Start of Data provided

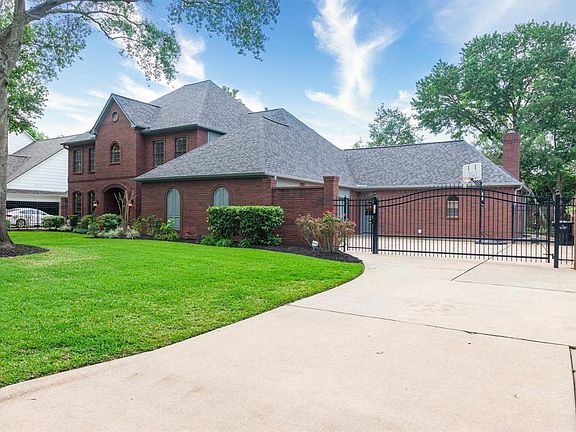 Wrought iron fencing is located on this right side as well. The driveway gate provides a touch of elegance as well as security for pets and kids playing in the motor court area.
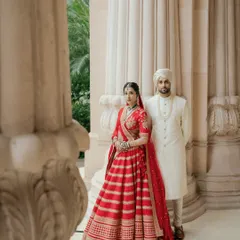 A classic portrait of Avin and Nikki at The Leela Palace, Bangalore. Their coordinated red and white outfits stand out beautifully against the palace's stately pillars.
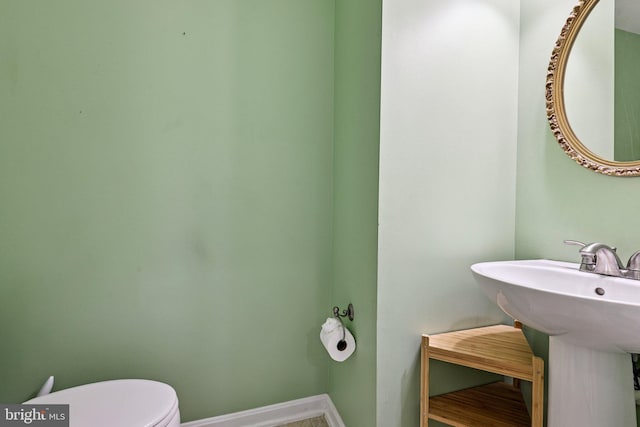 11793 Nates Pl, Woodbridge, VA 22192 - half bathroom featuring toilet and a sink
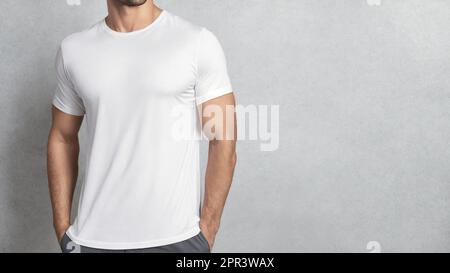 Sportlicher Mann mit weißem T-Shirt auf grauem Hintergrund. Vorlage oder Modell für Bekleidungsdesign Stockfoto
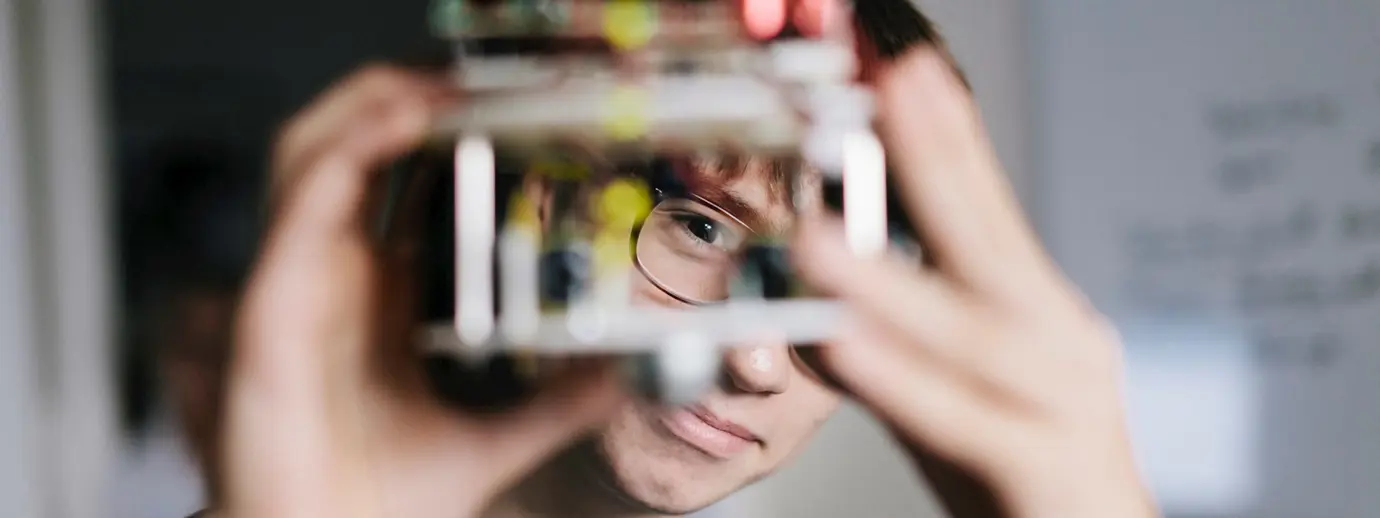 Man looking at electronic machinery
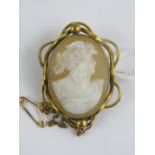 A vintage carved shell cameo in gilt metal brooch setting,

End of Data provided

**Task goal**
Where an entry holds an image, drop the image and copy the remaining text exactly.

**Task answer**
 Wrought iron fencing is located on this right side as well. The driveway gate provides a touch of elegance as well as security for pets and kids playing in the motor court area.
 A classic portrait of Avin and Nikki at The Leela Palace, Bangalore. Their coordinated red and white outfits stand out beautifully against the palace's stately pillars.
 11793 Nates Pl, Woodbridge, VA 22192 - half bathroom featuring toilet and a sink
 Sportlicher Mann mit weißem T-Shirt auf grauem Hintergrund. Vorlage oder Modell für Bekleidungsdesign Stockfoto
 Man looking at electronic machinery
 A vintage carved shell cameo in gilt metal brooch setting,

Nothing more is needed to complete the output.